Work order
Give the records once more, exactly as they stand.

Extracted information
=======
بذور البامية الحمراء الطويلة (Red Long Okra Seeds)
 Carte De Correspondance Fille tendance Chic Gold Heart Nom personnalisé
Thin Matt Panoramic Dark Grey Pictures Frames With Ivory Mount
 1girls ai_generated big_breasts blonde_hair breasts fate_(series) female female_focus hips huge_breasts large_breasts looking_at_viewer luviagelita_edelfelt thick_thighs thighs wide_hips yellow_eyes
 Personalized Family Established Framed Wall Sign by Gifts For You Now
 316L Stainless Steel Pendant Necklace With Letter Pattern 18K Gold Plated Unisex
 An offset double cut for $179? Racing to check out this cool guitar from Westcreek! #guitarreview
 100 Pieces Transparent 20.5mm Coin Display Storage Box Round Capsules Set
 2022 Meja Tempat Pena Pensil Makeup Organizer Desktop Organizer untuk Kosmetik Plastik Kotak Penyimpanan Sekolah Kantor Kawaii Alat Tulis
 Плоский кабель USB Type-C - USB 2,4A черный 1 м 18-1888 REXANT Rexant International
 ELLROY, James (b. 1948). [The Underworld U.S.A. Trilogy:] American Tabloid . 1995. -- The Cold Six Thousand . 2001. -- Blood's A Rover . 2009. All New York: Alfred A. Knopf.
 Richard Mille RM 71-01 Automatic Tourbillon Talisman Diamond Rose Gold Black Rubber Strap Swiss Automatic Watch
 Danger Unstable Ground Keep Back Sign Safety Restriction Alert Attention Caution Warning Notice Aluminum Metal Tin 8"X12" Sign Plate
=======
Task output
بذور البامية الحمراء الطويلة (Red Long Okra Seeds)
 Carte De Correspondance Fille tendance Chic Gold Heart Nom personnalisé
Thin Matt Panoramic Dark Grey Pictures Frames With Ivory Mount
 1girls ai_generated big_breasts blonde_hair breasts fate_(series) female female_focus hips huge_breasts large_breasts looking_at_viewer luviagelita_edelfelt thick_thighs thighs wide_hips yellow_eyes
 Personalized Family Established Framed Wall Sign by Gifts For You Now
 316L Stainless Steel Pendant Necklace With Letter Pattern 18K Gold Plated Unisex
 An offset double cut for $179? Racing to check out this cool guitar from Westcreek! #guitarreview
 100 Pieces Transparent 20.5mm Coin Display Storage Box Round Capsules Set
 2022 Meja Tempat Pena Pensil Makeup Organizer Desktop Organizer untuk Kosmetik Plastik Kotak Penyimpanan Sekolah Kantor Kawaii Alat Tulis
 Плоский кабель USB Type-C - USB 2,4A черный 1 м 18-1888 REXANT Rexant International
 ELLROY, James (b. 1948). [The Underworld U.S.A. Trilogy:] American Tabloid . 1995. -- The Cold Six Thousand . 2001. -- Blood's A Rover . 2009. All New York: Alfred A. Knopf.
 Richard Mille RM 71-01 Automatic Tourbillon Talisman Diamond Rose Gold Black Rubber Strap Swiss Automatic Watch
 Danger Unstable Ground Keep Back Sign Safety Restriction Alert Attention Caution Warning Notice Aluminum Metal Tin 8"X12" Sign Plate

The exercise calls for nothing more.